• **DATA FOR ANALYSIS**

Start of Block

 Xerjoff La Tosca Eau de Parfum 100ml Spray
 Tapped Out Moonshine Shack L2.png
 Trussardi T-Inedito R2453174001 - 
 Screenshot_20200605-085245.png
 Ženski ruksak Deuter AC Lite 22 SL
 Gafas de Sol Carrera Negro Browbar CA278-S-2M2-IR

End of Block
Start of Block

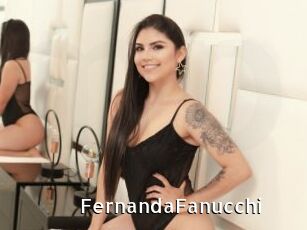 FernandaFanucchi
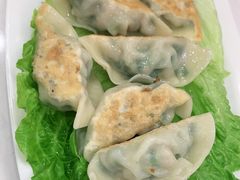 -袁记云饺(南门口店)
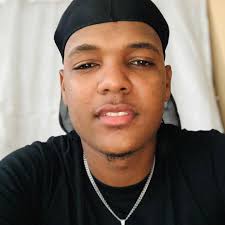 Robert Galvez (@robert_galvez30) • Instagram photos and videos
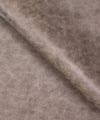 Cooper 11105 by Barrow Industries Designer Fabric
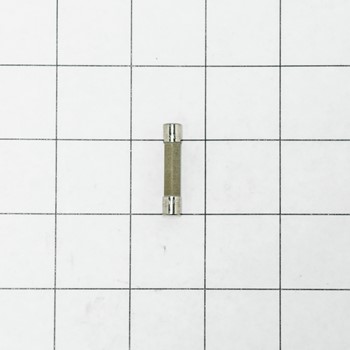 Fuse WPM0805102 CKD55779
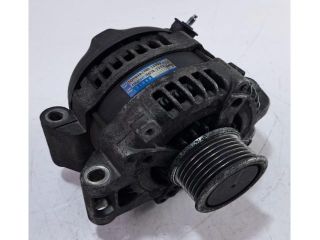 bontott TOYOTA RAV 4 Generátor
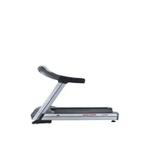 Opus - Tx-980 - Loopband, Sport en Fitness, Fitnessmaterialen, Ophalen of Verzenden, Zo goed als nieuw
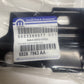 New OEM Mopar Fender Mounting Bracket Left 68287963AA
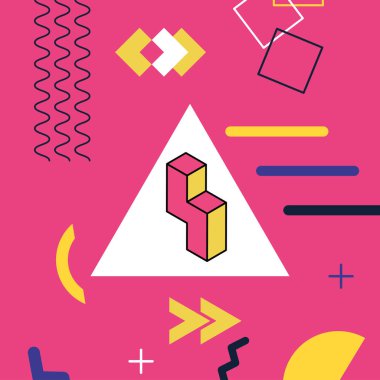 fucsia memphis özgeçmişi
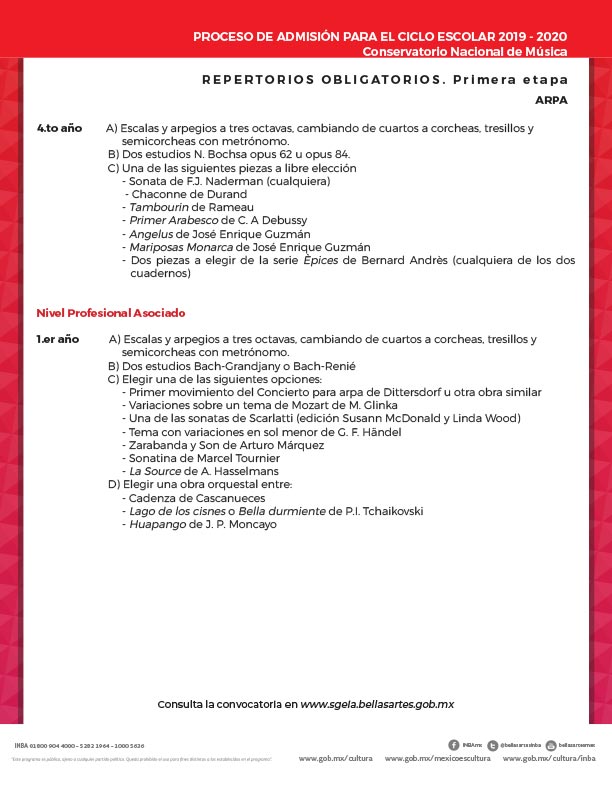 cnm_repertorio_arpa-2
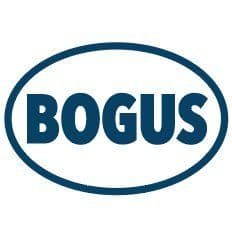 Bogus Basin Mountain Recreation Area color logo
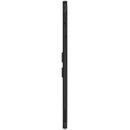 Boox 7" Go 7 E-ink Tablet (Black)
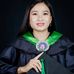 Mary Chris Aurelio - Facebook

End of Block
Start of Block

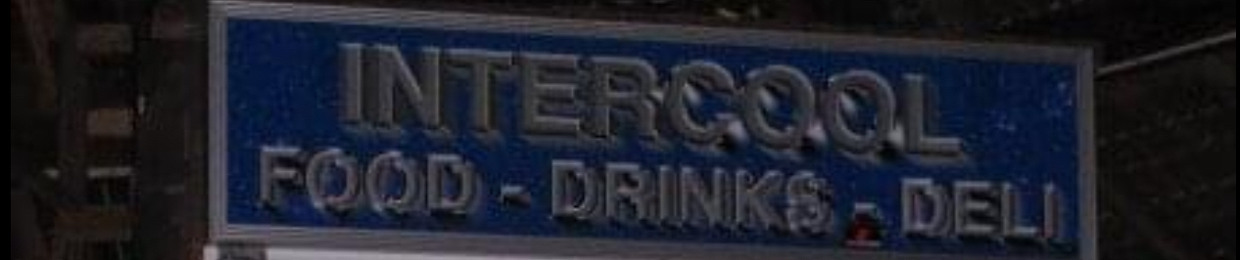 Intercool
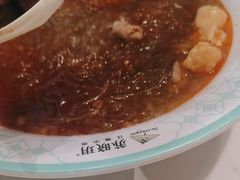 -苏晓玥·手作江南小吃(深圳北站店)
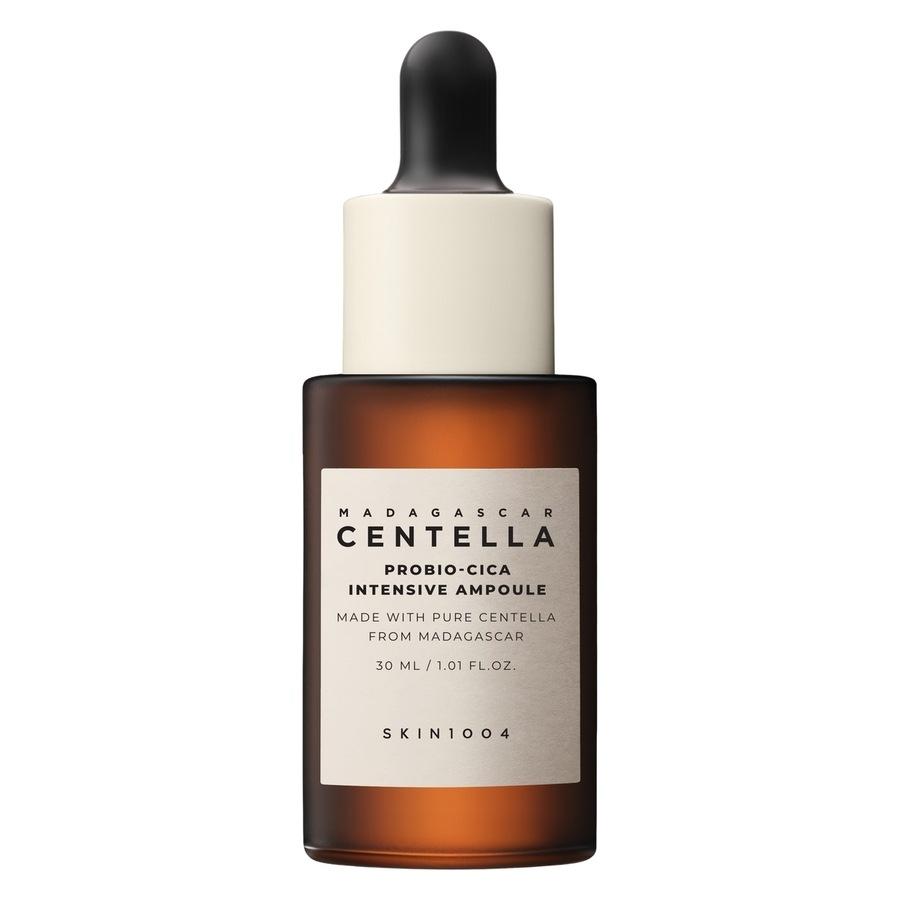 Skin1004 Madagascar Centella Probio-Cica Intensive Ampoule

End of Block

• **EXERCISE REQUIREMENTS**
Taking the records above, print only and exactly the lines from the line with "bontott TOYOTA RAV 4 Generátor" to the line with "Mary Chris Aurelio - Facebook", both kept, and exclude pictures.

• **FINISHED TASK**
 bontott TOYOTA RAV 4 Generátor
 Opus - Tx-980 - Loopband, Sport en Fitness, Fitnessmaterialen, Ophalen of Verzenden, Zo goed als nieuw
 New OEM Mopar Fender Mounting Bracket Left 68287963AA
 fucsia memphis özgeçmişi
 cnm_repertorio_arpa-2
 Bogus Basin Mountain Recreation Area color logo
 Boox 7" Go 7 E-ink Tablet (Black)
 Mary Chris Aurelio - Facebook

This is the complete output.